Keeping every line intact, print the records that follow.

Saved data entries
---------------

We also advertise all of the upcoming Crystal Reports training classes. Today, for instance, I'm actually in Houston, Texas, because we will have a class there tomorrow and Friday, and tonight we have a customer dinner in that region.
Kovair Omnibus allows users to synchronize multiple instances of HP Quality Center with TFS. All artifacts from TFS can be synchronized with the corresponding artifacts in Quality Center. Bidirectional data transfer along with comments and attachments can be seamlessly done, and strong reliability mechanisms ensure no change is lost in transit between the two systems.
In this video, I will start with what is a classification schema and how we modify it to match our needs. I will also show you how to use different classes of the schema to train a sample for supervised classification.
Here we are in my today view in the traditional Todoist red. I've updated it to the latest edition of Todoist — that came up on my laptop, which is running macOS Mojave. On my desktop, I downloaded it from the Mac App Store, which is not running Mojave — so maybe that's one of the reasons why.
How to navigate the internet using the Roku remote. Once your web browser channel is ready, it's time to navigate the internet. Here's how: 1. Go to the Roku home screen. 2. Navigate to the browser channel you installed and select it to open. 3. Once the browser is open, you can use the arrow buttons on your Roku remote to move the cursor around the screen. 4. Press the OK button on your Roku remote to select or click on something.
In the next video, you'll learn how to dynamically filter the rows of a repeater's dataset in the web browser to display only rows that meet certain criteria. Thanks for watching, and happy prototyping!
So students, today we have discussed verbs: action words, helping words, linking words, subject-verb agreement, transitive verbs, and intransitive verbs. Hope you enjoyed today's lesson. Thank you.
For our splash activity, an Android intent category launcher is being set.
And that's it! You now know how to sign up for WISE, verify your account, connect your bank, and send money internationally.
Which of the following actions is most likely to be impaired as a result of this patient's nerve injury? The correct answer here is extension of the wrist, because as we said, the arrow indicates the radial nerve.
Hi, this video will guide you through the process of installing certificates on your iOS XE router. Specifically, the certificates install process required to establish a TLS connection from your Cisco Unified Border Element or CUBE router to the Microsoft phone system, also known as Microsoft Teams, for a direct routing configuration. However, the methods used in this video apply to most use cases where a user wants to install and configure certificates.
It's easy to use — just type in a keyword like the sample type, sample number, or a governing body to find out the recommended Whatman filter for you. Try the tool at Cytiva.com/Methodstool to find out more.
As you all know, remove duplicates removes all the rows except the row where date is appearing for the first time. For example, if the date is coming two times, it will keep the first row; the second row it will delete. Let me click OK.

---------------

§ Written response:
We also advertise all of the upcoming Crystal Reports training classes. Today, for instance, I'm actually in Houston, Texas, because we will have a class there tomorrow and Friday, and tonight we have a customer dinner in that region.
Kovair Omnibus allows users to synchronize multiple instances of HP Quality Center with TFS. All artifacts from TFS can be synchronized with the corresponding artifacts in Quality Center. Bidirectional data transfer along with comments and attachments can be seamlessly done, and strong reliability mechanisms ensure no change is lost in transit between the two systems.
In this video, I will start with what is a classification schema and how we modify it to match our needs. I will also show you how to use different classes of the schema to train a sample for supervised classification.
Here we are in my today view in the traditional Todoist red. I've updated it to the latest edition of Todoist — that came up on my laptop, which is running macOS Mojave. On my desktop, I downloaded it from the Mac App Store, which is not running Mojave — so maybe that's one of the reasons why.
How to navigate the internet using the Roku remote. Once your web browser channel is ready, it's time to navigate the internet. Here's how: 1. Go to the Roku home screen. 2. Navigate to the browser channel you installed and select it to open. 3. Once the browser is open, you can use the arrow buttons on your Roku remote to move the cursor around the screen. 4. Press the OK button on your Roku remote to select or click on something.
In the next video, you'll learn how to dynamically filter the rows of a repeater's dataset in the web browser to display only rows that meet certain criteria. Thanks for watching, and happy prototyping!
So students, today we have discussed verbs: action words, helping words, linking words, subject-verb agreement, transitive verbs, and intransitive verbs. Hope you enjoyed today's lesson. Thank you.
For our splash activity, an Android intent category launcher is being set.
And that's it! You now know how to sign up for WISE, verify your account, connect your bank, and send money internationally.
Which of the following actions is most likely to be impaired as a result of this patient's nerve injury? The correct answer here is extension of the wrist, because as we said, the arrow indicates the radial nerve.
Hi, this video will guide you through the process of installing certificates on your iOS XE router. Specifically, the certificates install process required to establish a TLS connection from your Cisco Unified Border Element or CUBE router to the Microsoft phone system, also known as Microsoft Teams, for a direct routing configuration. However, the methods used in this video apply to most use cases where a user wants to install and configure certificates.
It's easy to use — just type in a keyword like the sample type, sample number, or a governing body to find out the recommended Whatman filter for you. Try the tool at Cytiva.com/Methodstool to find out more.
As you all know, remove duplicates removes all the rows except the row where date is appearing for the first time. For example, if the date is coming two times, it will keep the first row; the second row it will delete. Let me click OK.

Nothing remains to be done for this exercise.